Per sopravvivere – visto che alcuni sono falliti e altri barcollano – i media riducono il personale, chiudono le sedi dei corrispondenti esteri, ipotecano parte delle loro proprietà, si limitano alle versioni virtuali e/o riducono il numero delle pagine. Si stima che il settore del giornalismo Usa si sia ridotto del 10% l’anno scorso e che, tra il 2001 e la fine di quest’anno, il calo dell’occupazione in questo campo raggiungerà un 25%.
Si spiega così la convinzione diffusa che in un futuro prossimo possa scomparire l’edizione scritta di un giornale come il New York Times – che ha accumulato un debito di 400 milioni di dollari – e che sopravviva solo la sua versione elettronica. È un’incognita, visto che con le entrate della versione online, il Times potrà mantenere solo il 20% dell’attuale team giornalistico.
Siamo di fronte ad un processo complesso e contrastante, che solo in parte potrà attenuare un’inversione del ciclo economico; per questo, preoccupano gli effetti negativi sull’informazione legata ai temi dello sviluppo. I media che se ne occupano, che siano i nuovi o i tradizionali, sono caratterizzati da una dispersività. Hanno difficoltà a focalizzare il messaggio, al contrario delle multinazionali delle comunicazioni, che impongono i loro temi all’agenda dell’informazione internazionale. Uno dei passi che questi mezzi potrebbero intraprendere è organizzare un sistema di scambio (simile a quello di alcune reti di grandi giornali) sui temi dello sviluppo, condividendo un’informazione specializzata e professionale. Ma serve molto di più per contrastare queste tendenze.

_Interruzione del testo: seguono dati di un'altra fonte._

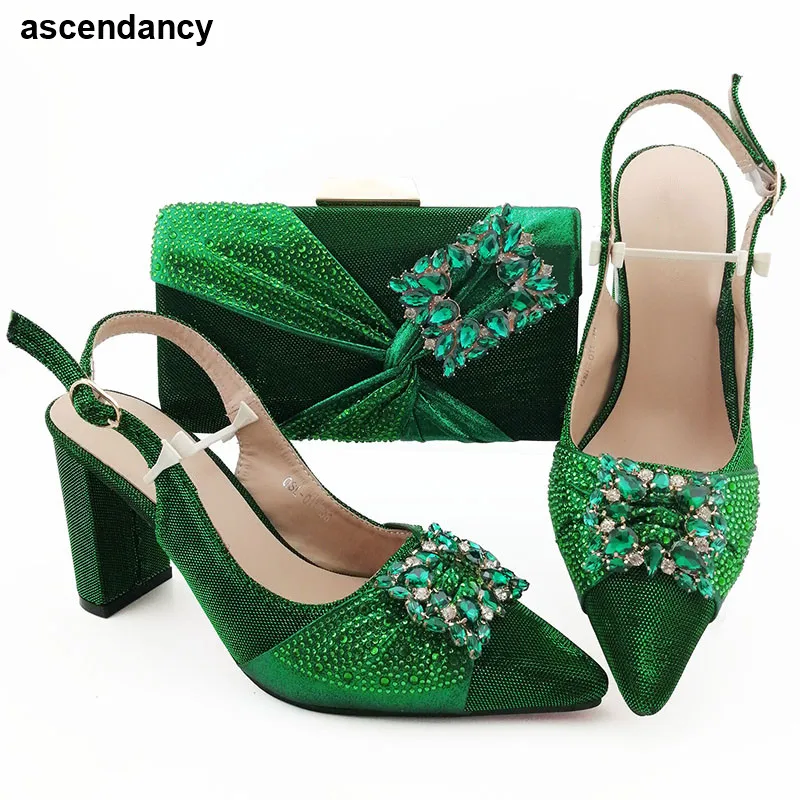 Украшенная роскошной женской обувью Стразы африканские туфли и сумки подходящий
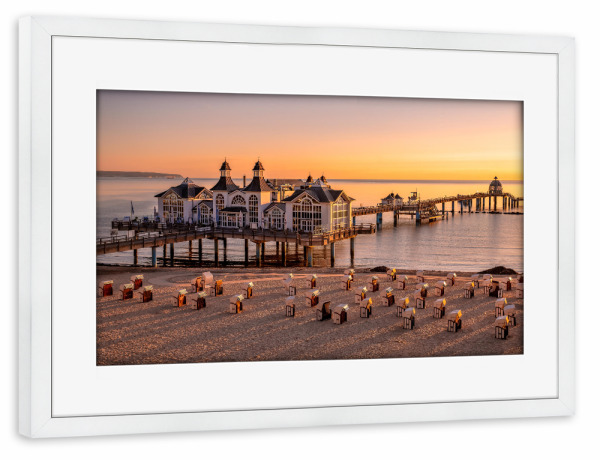 Poster mit Rahmen weiß "Insel Rügen Sonnenaufgang" artboxONE - Natur,Reise,Architektur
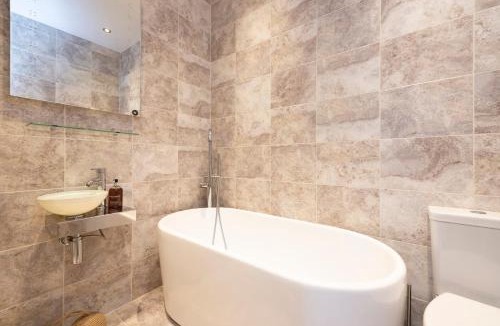 Old Town Apartment | JOIVY Cozy Apt near Edinburgh Castle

Fronteggiare questa situazione non è solo compito dei comunicatori. A questa battaglia devono partecipare la società civile, attore dinamico e al tempo stesso consumatore di questa informazione; i circoli accademici, nel formare i professionisti di fronte a questa fase difficile, e quindi migliorare la loro capacità di ricerca per poter capire e riuscire a rispondere alle nuove sfide, e ovviamente i comunicatori del Nord e del Sud, che hanno ampi spazi per incentivare la cooperazione reciproca.